Insurance and Technology

Hammering away at his own business: After 18 years working for others, contractor strikes out on his own

September 18, 2006

Built to Last Construction
Hammering away at his own business After 18 years working for others, contractor strikes out on his own

Bradley Ford is a true, hands-on owner.

"I really like working with my hands. I couldn't stand working behind a desk," said Ford, 40, who founded Built To Last Construction in 2000.

Starting the business was the culmination of a career path he started in 1982 as a 16-year-old student at Perry Meridian High School and the building trades program at Central Nine Career Center.

Once he graduated, he worked for other contractors in residential and commercial projects, eventually taking on more jobs of his own. After 18 years, he finally formalized his venture, starting his own company.

"I just went right to work" without a business plan, he said.

He has financed his company himself, using cash from savings and business revenue to buy tools, equipment, supplies and, most recently, a large enclosed trailer. When his tools were stolen for the second time, he purchased a new truck and trailer "with big locks."
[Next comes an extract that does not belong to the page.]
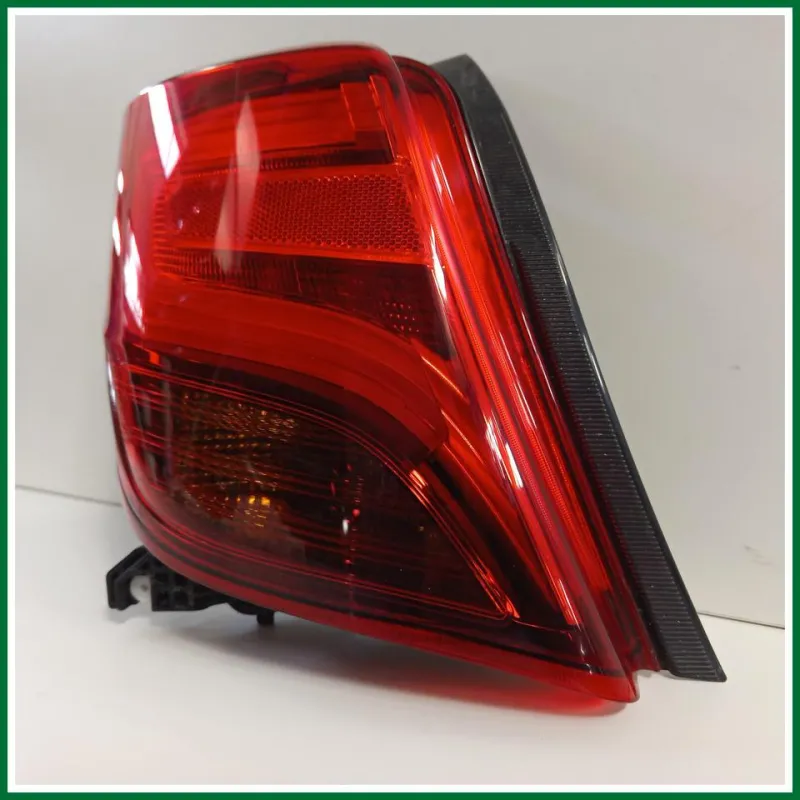 Fanale posteriore Led sx Toyota Yaris 2017 Restyling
He recently added the company name to his vehicles, a move that already has paid off.

"I got two jobs from people who said they saw me on the interstate," Ford said.

Until the recent signage, all his business has come from word-of-mouth referrals or, in the case of Mike Gaskey, firsthand observation. Ford was a subcontractor on a bathroom project at Gaskey's condominium in Tarkington Towers.
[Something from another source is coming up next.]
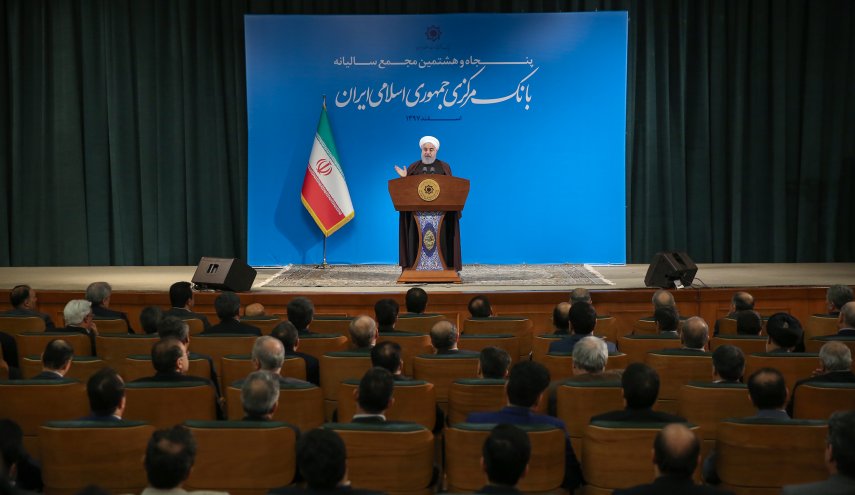 وزارتخانه های خارجه و نفت و بانک مرکزی در خط مقدم مبارزه با آمریکا قرار دارند/ رهبری، دولت و مجلس با لوایح 4 گانه‌ مخالفتی ندارند، پس چه کسی مخالف است؟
"I work at home, so I watched him work. He was very hard-working and concerned about doing the job right. He also was willing to tackle anything" and is honest and competitive, said Gaskey, an information technology consultant.

Gaskey subsequently hired Ford for several projects, including turning a bedroom and bath into a master suite complete with a walk-in closet. Ford also installed a "beautiful" large-screen television after modifying a wall and building a frame, Gaskey said.

Ford's is the go-to guy for Ron Johnston when business at Johnston Construction in Indianapolis gets backed up.

"He knows what he is doing," said company owner Johnston, who has been a contractor for 27 years and has worked with Ford about 12 of them. "He's always my first choice, if he's not too busy."

Ford attributes that kind of loyalty to his love of what he does, his attention to detail, and a guarantee of his work. About 80 percent of his business is residential, a figure he thinks is about right.

"My work is 100 percent of my selfesteem," said Ford. "I like nothing better than walking into someone's house and seeing a disaster area. Five days later, they are thrilled with their clean, new bathroom, and I'm like a god in their eyes. I can see what I've done. That really satisfies my ego."

Starting out, the hurdles were "underestimating jobs and not being established. There were times when the jobs were few and far between," which is when he'd fill in with work from other contractors. One of his biggest challenges is competing with companies with low or no overhead, such as those that don't have bonding or insurance, both of which he carries.

He keeps up with trends in kitchen, bath and other remodeling products by staying in touch with distributors and manufacturers and listening to his customers. He said he tries new products to see how they work, too.

To keep his hands free for sales and the day-to-day construction work, Ford hired an accounting firm in 1994 to take care of that part of the business.

"I don't have a degree in business. I'm a carpenter. [The firm] figures everything for me. All I have to do is sign the checks," he said.

For others interested in starting a business, he advises they "make sure to be the best you can possibly be. Don't sell substandard work," Ford said.


Brad Ford does demolition work on a bathroom his Built to Last Construction is remodeling.